Segment Start: THE DATA

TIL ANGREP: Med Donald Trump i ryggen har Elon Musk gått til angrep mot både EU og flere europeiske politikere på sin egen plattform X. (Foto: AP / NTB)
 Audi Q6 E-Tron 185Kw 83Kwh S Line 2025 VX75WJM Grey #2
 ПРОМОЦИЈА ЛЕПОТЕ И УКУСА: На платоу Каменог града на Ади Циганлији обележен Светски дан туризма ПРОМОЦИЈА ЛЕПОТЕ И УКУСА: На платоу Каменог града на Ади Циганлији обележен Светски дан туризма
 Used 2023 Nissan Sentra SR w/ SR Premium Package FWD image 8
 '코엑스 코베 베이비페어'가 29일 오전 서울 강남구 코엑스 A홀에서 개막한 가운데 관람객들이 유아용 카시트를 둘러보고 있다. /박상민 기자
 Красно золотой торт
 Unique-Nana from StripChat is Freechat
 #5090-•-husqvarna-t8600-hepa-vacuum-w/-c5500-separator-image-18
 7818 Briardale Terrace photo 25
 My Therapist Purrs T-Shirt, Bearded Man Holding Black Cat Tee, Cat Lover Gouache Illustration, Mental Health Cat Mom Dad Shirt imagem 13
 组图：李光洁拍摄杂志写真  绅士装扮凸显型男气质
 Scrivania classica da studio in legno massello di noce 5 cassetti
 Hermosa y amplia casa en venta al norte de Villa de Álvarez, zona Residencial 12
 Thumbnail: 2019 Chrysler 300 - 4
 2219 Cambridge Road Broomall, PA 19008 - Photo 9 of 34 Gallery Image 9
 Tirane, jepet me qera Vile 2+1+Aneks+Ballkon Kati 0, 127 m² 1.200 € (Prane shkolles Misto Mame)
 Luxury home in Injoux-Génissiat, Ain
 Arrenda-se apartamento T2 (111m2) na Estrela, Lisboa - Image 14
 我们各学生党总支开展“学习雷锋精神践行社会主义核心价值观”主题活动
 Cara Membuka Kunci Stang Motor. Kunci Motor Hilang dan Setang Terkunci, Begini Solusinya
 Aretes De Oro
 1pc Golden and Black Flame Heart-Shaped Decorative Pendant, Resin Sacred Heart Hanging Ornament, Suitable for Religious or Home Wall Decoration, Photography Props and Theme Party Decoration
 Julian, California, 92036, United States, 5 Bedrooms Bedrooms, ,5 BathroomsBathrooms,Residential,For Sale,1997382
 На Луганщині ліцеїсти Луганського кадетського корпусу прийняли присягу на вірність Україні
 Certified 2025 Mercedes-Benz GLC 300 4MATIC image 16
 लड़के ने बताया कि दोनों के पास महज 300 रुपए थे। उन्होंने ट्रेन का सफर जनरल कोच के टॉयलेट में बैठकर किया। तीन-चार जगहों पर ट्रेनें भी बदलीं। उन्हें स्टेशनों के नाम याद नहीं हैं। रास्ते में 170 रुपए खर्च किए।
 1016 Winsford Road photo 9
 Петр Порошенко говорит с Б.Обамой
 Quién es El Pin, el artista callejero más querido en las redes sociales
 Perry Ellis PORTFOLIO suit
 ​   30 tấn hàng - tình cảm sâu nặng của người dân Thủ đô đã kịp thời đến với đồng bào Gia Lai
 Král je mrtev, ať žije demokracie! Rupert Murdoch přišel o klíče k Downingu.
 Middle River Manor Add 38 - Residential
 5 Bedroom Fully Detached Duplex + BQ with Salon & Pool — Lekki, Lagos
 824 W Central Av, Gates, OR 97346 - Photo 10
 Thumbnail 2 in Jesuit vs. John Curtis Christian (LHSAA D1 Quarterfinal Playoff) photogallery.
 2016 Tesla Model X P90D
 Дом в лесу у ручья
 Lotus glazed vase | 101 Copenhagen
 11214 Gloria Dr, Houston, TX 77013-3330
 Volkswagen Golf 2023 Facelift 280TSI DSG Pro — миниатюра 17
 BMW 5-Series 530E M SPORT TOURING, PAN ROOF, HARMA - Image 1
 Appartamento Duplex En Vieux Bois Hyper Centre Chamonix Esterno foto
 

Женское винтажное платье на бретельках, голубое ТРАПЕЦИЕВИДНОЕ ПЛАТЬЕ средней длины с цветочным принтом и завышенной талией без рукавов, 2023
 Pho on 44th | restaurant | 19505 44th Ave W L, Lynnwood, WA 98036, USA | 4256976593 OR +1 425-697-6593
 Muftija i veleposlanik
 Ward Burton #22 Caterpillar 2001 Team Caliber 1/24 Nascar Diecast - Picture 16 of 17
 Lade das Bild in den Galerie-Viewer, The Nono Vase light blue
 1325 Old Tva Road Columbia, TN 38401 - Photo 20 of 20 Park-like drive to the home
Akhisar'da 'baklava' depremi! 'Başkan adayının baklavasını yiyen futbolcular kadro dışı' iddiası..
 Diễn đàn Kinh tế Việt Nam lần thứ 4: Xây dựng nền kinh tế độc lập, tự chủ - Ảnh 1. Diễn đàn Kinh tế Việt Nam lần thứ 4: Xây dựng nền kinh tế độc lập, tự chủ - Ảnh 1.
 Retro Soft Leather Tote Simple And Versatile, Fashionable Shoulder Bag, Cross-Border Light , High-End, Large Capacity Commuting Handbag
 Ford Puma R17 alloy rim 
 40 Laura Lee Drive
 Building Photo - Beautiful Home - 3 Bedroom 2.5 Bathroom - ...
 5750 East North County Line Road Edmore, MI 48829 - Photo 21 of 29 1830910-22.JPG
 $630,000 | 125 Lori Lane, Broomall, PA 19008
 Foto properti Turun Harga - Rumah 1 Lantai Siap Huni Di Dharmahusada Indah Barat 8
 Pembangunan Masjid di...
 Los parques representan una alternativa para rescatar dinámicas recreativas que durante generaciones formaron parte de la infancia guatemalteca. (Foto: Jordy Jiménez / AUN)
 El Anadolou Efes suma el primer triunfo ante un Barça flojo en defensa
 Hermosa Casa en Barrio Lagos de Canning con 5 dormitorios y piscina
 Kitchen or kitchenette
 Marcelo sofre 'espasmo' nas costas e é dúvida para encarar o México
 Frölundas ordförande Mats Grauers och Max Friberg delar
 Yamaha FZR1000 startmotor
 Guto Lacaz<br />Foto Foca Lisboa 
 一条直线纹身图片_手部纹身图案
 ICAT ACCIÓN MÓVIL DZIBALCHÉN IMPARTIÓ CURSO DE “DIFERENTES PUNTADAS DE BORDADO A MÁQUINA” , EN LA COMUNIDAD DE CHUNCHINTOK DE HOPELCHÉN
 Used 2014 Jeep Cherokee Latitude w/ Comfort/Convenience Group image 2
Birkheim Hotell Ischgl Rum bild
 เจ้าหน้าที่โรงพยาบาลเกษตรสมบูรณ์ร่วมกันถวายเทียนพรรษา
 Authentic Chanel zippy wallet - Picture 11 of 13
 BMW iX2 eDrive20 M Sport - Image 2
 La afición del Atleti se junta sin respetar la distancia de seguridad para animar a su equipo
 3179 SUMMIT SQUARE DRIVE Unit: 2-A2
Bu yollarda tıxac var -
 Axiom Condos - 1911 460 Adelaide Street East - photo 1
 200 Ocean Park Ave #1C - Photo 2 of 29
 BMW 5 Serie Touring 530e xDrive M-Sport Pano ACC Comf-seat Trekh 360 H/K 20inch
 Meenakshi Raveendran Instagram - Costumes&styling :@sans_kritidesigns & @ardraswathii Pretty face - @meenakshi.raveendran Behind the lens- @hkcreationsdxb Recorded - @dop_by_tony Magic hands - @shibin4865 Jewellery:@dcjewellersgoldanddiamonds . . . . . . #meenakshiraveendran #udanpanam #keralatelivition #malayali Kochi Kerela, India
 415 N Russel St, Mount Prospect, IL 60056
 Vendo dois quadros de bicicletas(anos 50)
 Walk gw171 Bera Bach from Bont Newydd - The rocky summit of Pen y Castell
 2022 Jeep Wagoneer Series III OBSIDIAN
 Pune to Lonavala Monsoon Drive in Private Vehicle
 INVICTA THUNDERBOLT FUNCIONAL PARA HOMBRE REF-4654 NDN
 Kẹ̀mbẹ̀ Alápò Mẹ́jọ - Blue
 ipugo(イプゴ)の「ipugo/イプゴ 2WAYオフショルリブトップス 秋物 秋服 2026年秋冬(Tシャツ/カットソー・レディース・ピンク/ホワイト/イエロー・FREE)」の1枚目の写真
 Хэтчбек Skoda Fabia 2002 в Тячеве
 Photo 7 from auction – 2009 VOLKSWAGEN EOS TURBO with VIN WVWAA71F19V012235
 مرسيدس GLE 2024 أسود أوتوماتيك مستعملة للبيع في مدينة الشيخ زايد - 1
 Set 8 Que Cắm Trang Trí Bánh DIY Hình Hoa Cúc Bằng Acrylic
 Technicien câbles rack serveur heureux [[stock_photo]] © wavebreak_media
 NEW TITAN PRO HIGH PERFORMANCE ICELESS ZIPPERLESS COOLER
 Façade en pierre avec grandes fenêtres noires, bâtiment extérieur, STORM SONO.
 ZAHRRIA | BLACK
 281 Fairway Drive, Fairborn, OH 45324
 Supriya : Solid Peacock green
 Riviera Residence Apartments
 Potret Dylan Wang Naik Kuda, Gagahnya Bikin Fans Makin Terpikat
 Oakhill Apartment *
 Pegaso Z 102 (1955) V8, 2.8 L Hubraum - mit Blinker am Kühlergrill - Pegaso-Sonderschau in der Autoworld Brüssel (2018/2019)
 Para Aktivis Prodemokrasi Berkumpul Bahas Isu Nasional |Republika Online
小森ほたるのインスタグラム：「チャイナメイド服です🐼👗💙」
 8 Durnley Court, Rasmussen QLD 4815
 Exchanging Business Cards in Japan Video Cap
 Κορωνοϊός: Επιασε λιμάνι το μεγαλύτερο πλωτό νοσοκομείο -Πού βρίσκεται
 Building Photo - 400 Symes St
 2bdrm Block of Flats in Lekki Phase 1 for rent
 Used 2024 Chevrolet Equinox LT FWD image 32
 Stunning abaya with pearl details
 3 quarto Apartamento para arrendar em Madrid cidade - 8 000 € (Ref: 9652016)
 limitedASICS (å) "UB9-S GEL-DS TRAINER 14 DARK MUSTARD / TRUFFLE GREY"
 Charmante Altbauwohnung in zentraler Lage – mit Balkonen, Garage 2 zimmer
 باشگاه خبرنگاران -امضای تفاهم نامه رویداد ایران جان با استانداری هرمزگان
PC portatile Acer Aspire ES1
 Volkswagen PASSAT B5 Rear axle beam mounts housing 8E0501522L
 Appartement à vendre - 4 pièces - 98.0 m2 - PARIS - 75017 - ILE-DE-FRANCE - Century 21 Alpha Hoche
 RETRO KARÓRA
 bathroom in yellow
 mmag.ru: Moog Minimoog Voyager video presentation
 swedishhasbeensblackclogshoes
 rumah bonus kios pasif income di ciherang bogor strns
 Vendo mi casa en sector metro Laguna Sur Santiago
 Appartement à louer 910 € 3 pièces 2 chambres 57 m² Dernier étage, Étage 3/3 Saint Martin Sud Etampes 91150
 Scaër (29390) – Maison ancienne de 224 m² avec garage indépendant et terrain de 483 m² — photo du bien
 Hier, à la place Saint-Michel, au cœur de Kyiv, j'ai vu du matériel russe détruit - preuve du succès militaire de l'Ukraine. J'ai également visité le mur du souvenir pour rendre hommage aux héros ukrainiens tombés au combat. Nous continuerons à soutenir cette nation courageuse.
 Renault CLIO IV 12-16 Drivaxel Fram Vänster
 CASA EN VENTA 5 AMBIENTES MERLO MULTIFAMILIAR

Segment End: THE DATA

→ **ABOUT THIS EXERCISE**: Above are records; repeat only the lines starting at the line with "Frölundas ordförande Mats" and ending at the line with "BMW iX2 eDrive20 M Sport - Image 2", exactly as they appear, both included.

→ **SOLUTION TO THIS PROBLEM**:
 Frölundas ordförande Mats Grauers och Max Friberg delar
 Yamaha FZR1000 startmotor
 Guto Lacaz<br />Foto Foca Lisboa 
 一条直线纹身图片_手部纹身图案
 ICAT ACCIÓN MÓVIL DZIBALCHÉN IMPARTIÓ CURSO DE “DIFERENTES PUNTADAS DE BORDADO A MÁQUINA” , EN LA COMUNIDAD DE CHUNCHINTOK DE HOPELCHÉN
 Used 2014 Jeep Cherokee Latitude w/ Comfort/Convenience Group image 2
Birkheim Hotell Ischgl Rum bild
 เจ้าหน้าที่โรงพยาบาลเกษตรสมบูรณ์ร่วมกันถวายเทียนพรรษา
 Authentic Chanel zippy wallet - Picture 11 of 13
 BMW iX2 eDrive20 M Sport - Image 2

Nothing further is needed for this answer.